Monday, Jan. 08, 1940

Sleepless Nights

When Britons, who like to spend especially cheerless afternoons by the fire reading Tchekov, Turgenev, or Dostoevsky, want to describe a person whose deep gloom is relieved only by occasional starts of dark suspicion, they say: "Frightfully Russian." Frightfully Russian were Russians last week. Citizens heard almost no official announcements about the campaign in Finland--except that Russia's defensive warfare against aggressive Finland had reached points 90 miles inside Finland's borders. But in the streets unhappy Russians heard ugly rumors.

So persistent were these rumors, and so long undenied, that civilians began to discuss openly such things as: "Have you heard that things are going badly in the North? That there have been 70,000 dead and wounded--so many casualties that the wounded overflow from Leningrad to Moscow? Have you heard that the soldiers have no gloves and thin shoes--though the Government told us that we civilians must put up with our scarcity of clothes so that the defenders of revolution might lack nothing? Have you heard that the Finns have driven onto Russian soil at the very place where our men were supposed to be having their only real success? And that we have no chance of winning until warm weather returns? This is the campaign which was to end in ten days!"
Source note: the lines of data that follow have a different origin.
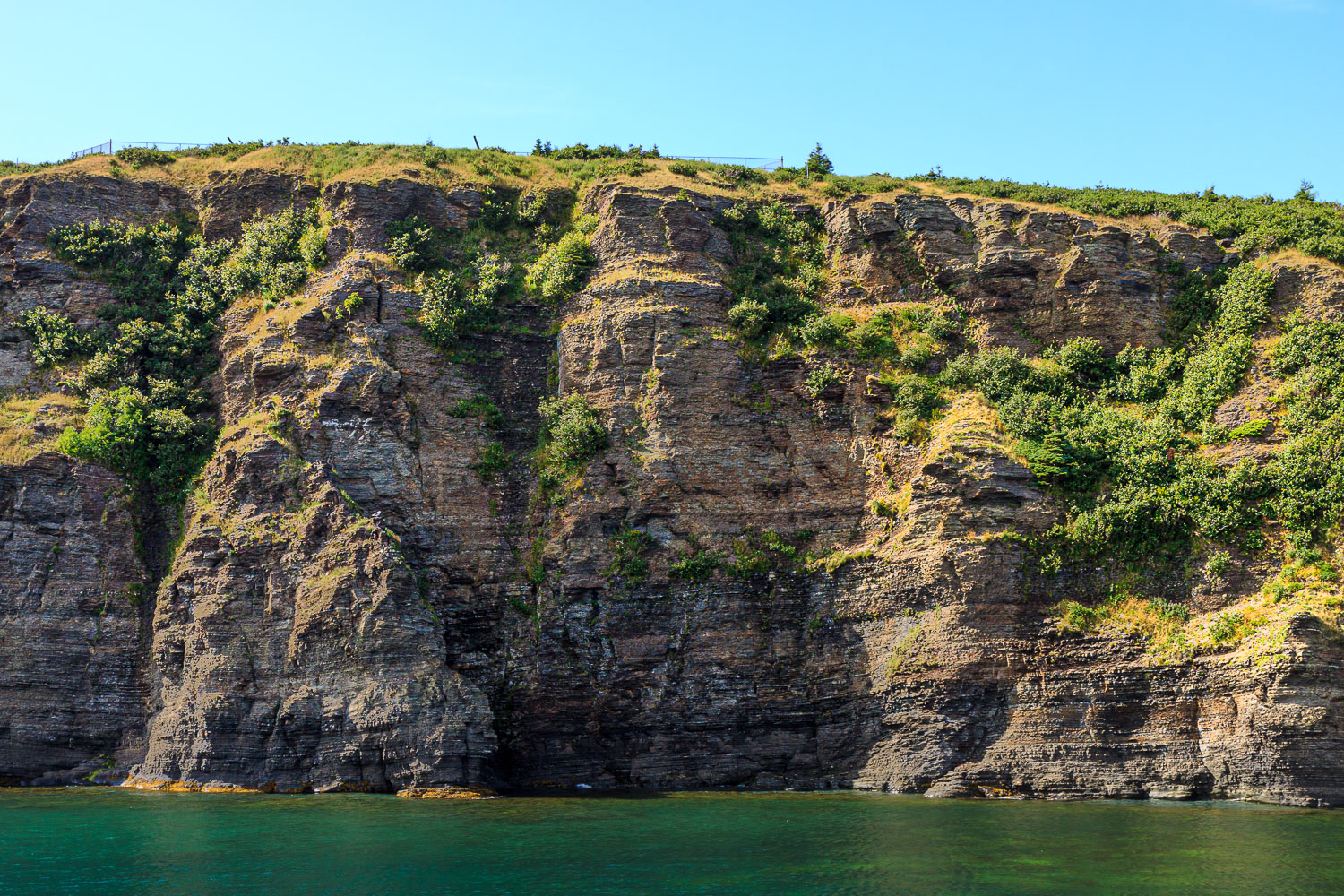 NFLD_02657__MG_1256.jpg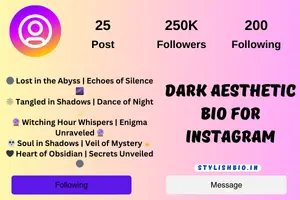 dark aesthetic bio for instagram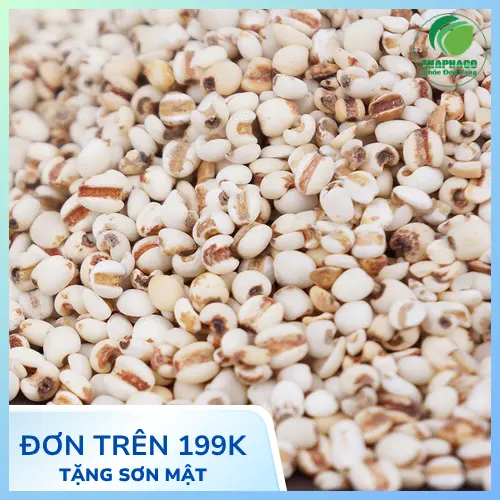 Cách bảo quản ý dĩ để kéo dài thời gian sử dụng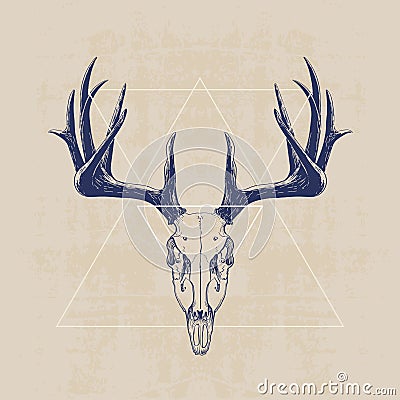 Deer skull Vector Illustration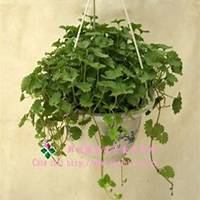 微信吊兰头像_高清吊兰花朵图片大全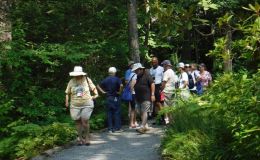 Many woodland garden trails to see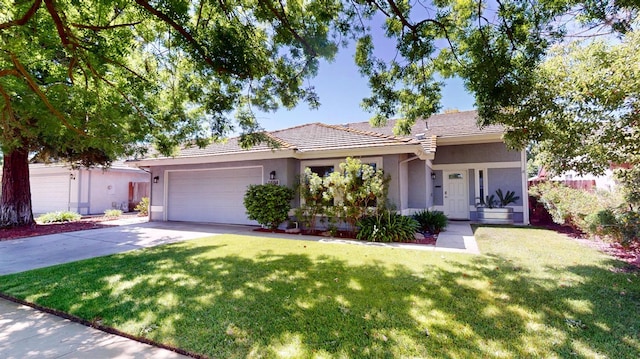 1604 W Central Ave, Madera, CA 93637 - ranch-style house featuring stucco siding, a garage, driveway, and a front yard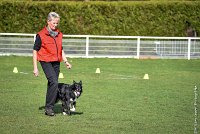 027-EDJAY-12032017-OBEISSANCE CHANTILLY -RAL 9259 : 2017, CC DE CHANTILLY, CLASSE 3, CONCOURS OBEISSANCE, Dimanche 12 Mars 2017, EDJAY DE LA BERGERIE DE MORGANE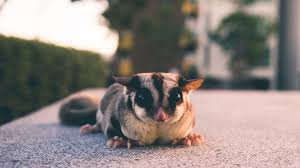 5 Common Sugar Glider Diseases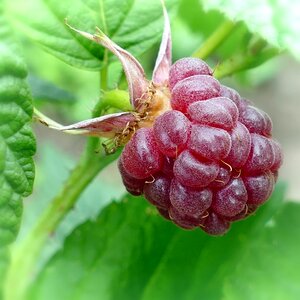 Healthy delicious ripe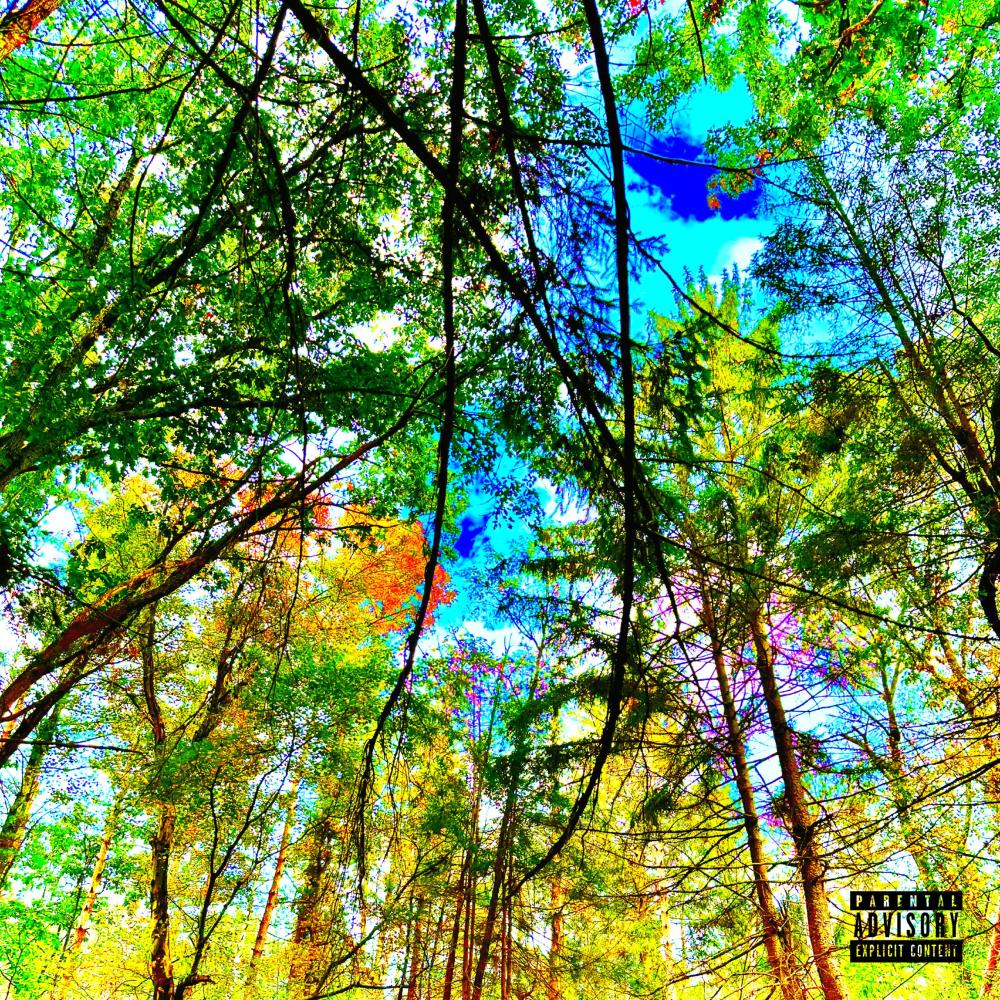 GLOW UP (feat. r0th) (Explicit)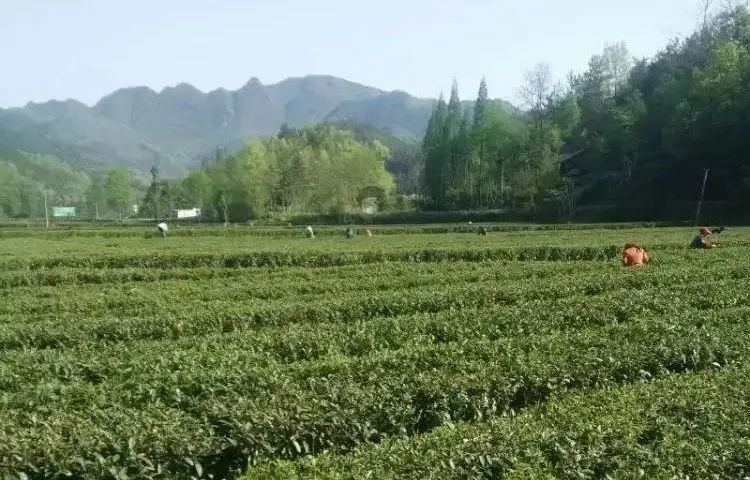 关于汉中第一批生态茶园风采——勉县、宁强、略阳篇的相关信息(11)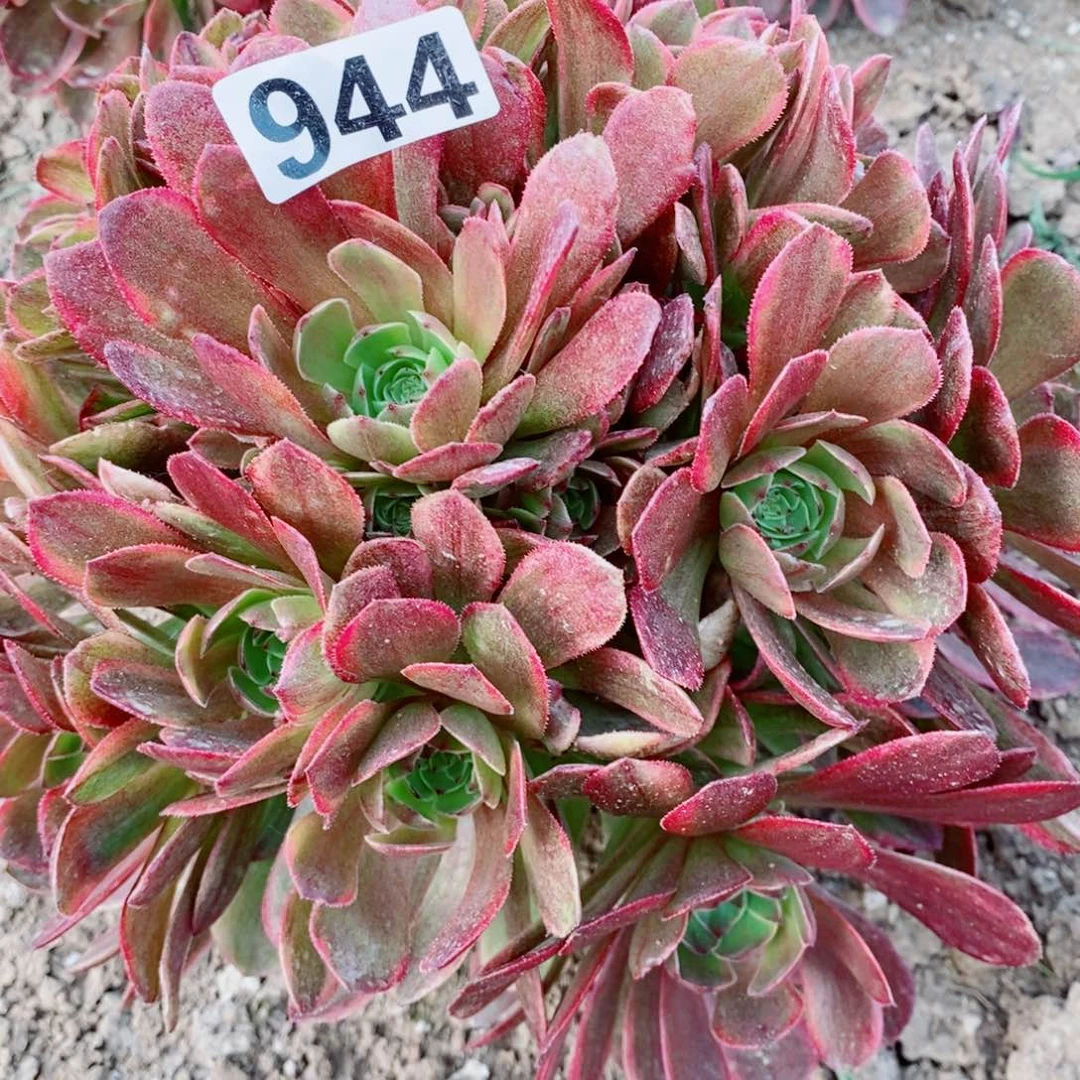 944半夏清棚处理10元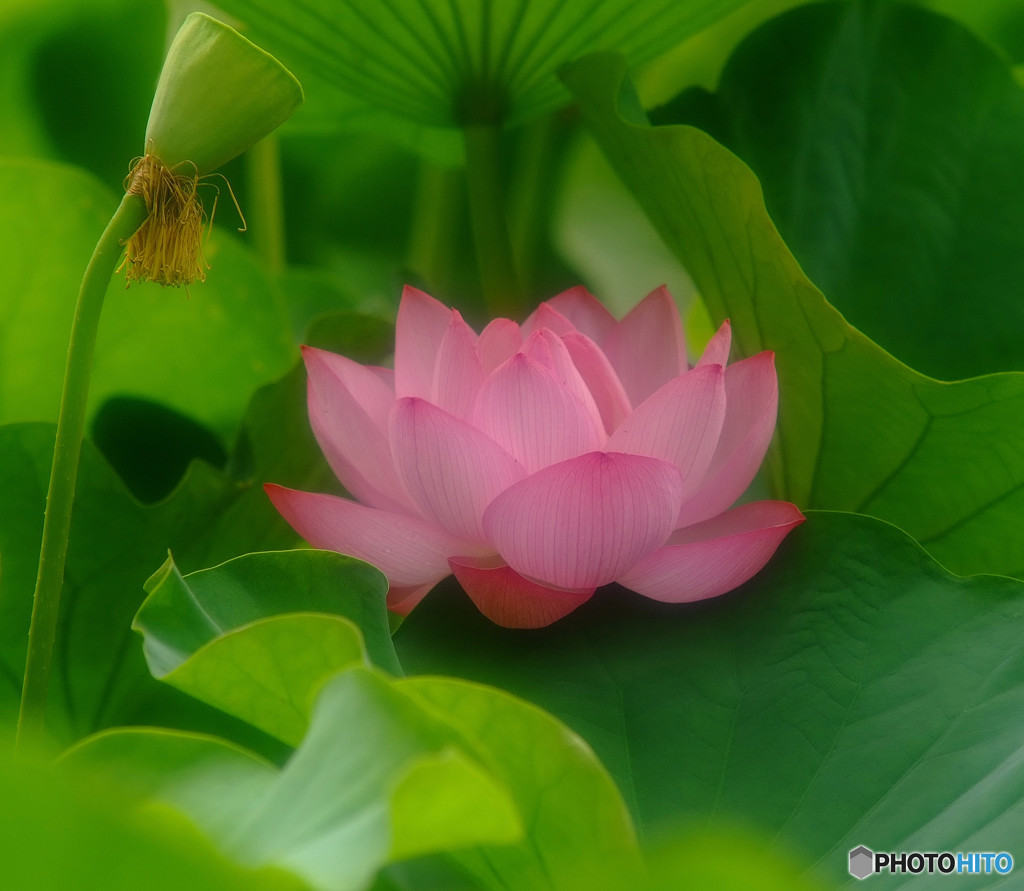 秘密の花園・華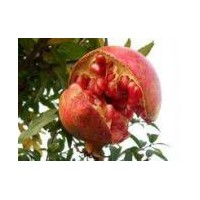 石榴苗的首選品種/軟子石榴苗/無子石榴苗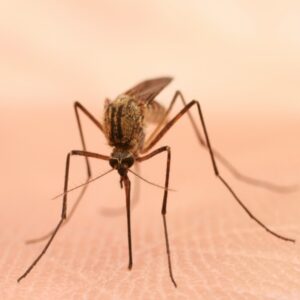 common mosquito diseases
If the people were worried, the Government kept its mask of complacency. But signs of official nervousness showed in announcements that henceforth all news dispatches, as well as mail to and from Russia, would be subject to the censor's shears. For eight months foreign correspondents had been sending their copy out at will.

Otherwise the Government sounded positively elated. The Stalin birthday celebrations (TIME, Jan. 1) had been successful beyond expectation, and there was cause for new delight in the annual elections of delegates to the regional Soviets. On every side official candidates were achieving what Pravda called "a brilliant victory"--on ballots on which there were no opposition candidates. On ships of the Baltic Fleet, said a Moscow broadcaster, harmonicas played ceaselessly as the crews eagerly voted "for the invincible Stalinist bloc." He told how airmen fresh from bombing Finland leaped hastily from their cockpits to vote. In Moscow, said the announcer, Marshal Simeon Mikhailovich Budenny was elected delegate "several times over." Joseph Stalin's district was 100% for him. Concluded the announcer: "In the northernmost electoral unit of the Soviet Union, aboard the icebreaker Sedov --adrift for two years in Arctic ice--the hardy crew could not sleep owing to their impatience for the moment when they would be first allowed to vote."

But elections and birthdays can neither raise temperatures nor kill Finns, and at week's end the people were still grumbling.